Geoffroy Roux de Bezieux

Mieux, « les entreprises francophones doivent considérer l’Afrique comme une destination naturelle pour leurs investissements », encourage Patrick Achi. Qui cherche aussi à fixer l’image d’un Commonwealth alternatif sur l’exemple de l’Union européenne. « Dans le monde francophone, nous sommes aussi interdépendants que les Européens en 1945 », assure-t-il.

Les entreprises européennes lui emboîtent le pas en partageant leur expérience. En imaginant cette future zone économique, elles vantent les avantages que confère leur lingua franca à la conclusion de contrats dans des environnements d’affaires proches, et les économies de coûts de traduction linguistique et juridique face à l’anglais et sa common law.

« L’avantage d’une langue commune est de gagner du temps et de faire des économies en annulant certaines barrières non tarifaires », renchérit Geoffroy Roux de Bézieux. Pour réaliser cette vision, il faudra d’abord que les pays africains assurent « l’énergie, la santé, l’éducation, et la formation », fait observer Serge  Ekué. Pour aller vers un meilleur financement de tous les secteurs, on évoque la baisse de leurs taux directeurs par les banques centrales.

Condition forte pour éclaircir l’horizon, les régulations bancaires nationales devront changer. Établir des fonds de garantie dans les pays aidera certes, mais ne suffira pas à harmoniser les pratiques. Nicolas Jean (Gide Loyrette Nouel) espère « un échange entre tous les acteurs de la Francophonie qui pourrait aboutir à un pacte sur les bonnes pratiques.

Les banquiers doivent aboutir à des outils adaptés qui ne demandent pas trop de garanties ». Ce sera selon lui nécessaire pour mettre fin aux « présomptions de risque maximales » qui grèvent les crédits en Afrique francophone.

Ces économies auront besoin chacune d’une banque d’investissement capable d’emprunter sur les marchés internationaux, pour laquelle le modèle de la BPI française fait référence.
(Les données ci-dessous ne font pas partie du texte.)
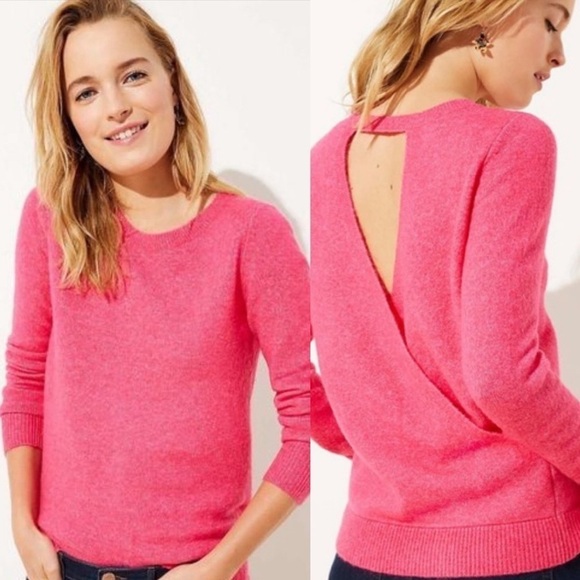 LOFT Crossover Open Back Neon Pink Sweater Small S - Picture 1 of 8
Un soutien fort des institutions financières internationales serait nécessaire pour abonder de futures dépenses fiscales par des gouvernements qui ne parviennent encore pas à élargir leurs assiettes d’imposition.

Une plateforme permanente de dialogue

Pour autant, le risque demeure que ces besoins soient en passe d’être comblés sur le continent avant que la Francophonie économique ne voie le jour. Comme le rappelle Anne-Laure Kiechel (Global Sovereign), de nouveaux créanciers bilatéraux n’ont pas attendu pour faire leur apparition.
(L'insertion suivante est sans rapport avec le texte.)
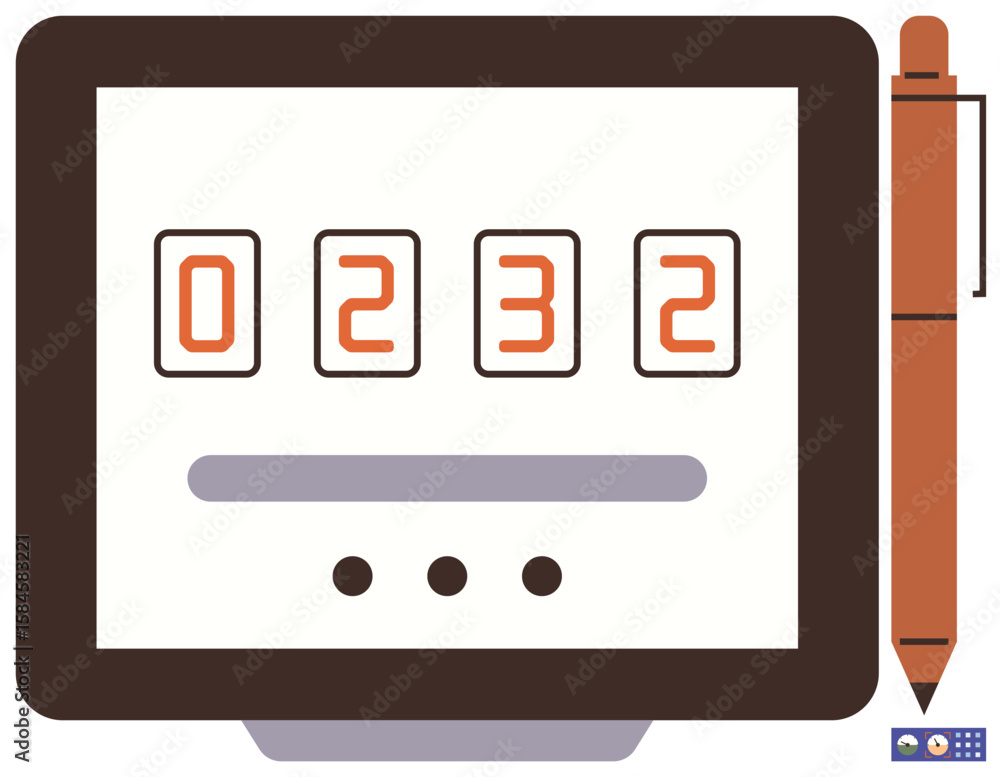 Aufkleber digital counter screen with numeric display, button interface, and pen. ideal for accounting, produc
La Chine par le financement des infrastructures, mais aussi la Turquie et les pays du Golfe répondent à « la pression sur les finances de l’État » qui connaît une diminution de ses recettes tout en opérant des investissements contraints par la pandémie dans le social et le développement.
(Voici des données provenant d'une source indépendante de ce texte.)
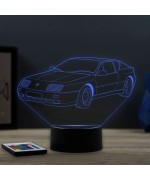 Lampe illusion 3D en verre acrylique gravée au laser représentant une voiture Alpine Renault GTA Le Mans.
Dans une Déclaration de Paris publiée le 25 août, les organisations patronales réunies à la REF ont voulu amorcer un mouvement décisif en créant « une plateforme permanente de dialogue et de coordination des patronats francophones ». Les gouvernements de l’OIF (Organisation internationale de la Francophonie) devront donner suite lors de leur prochain sommet à Djerba (Tunisie), les 20 et 21 novembre.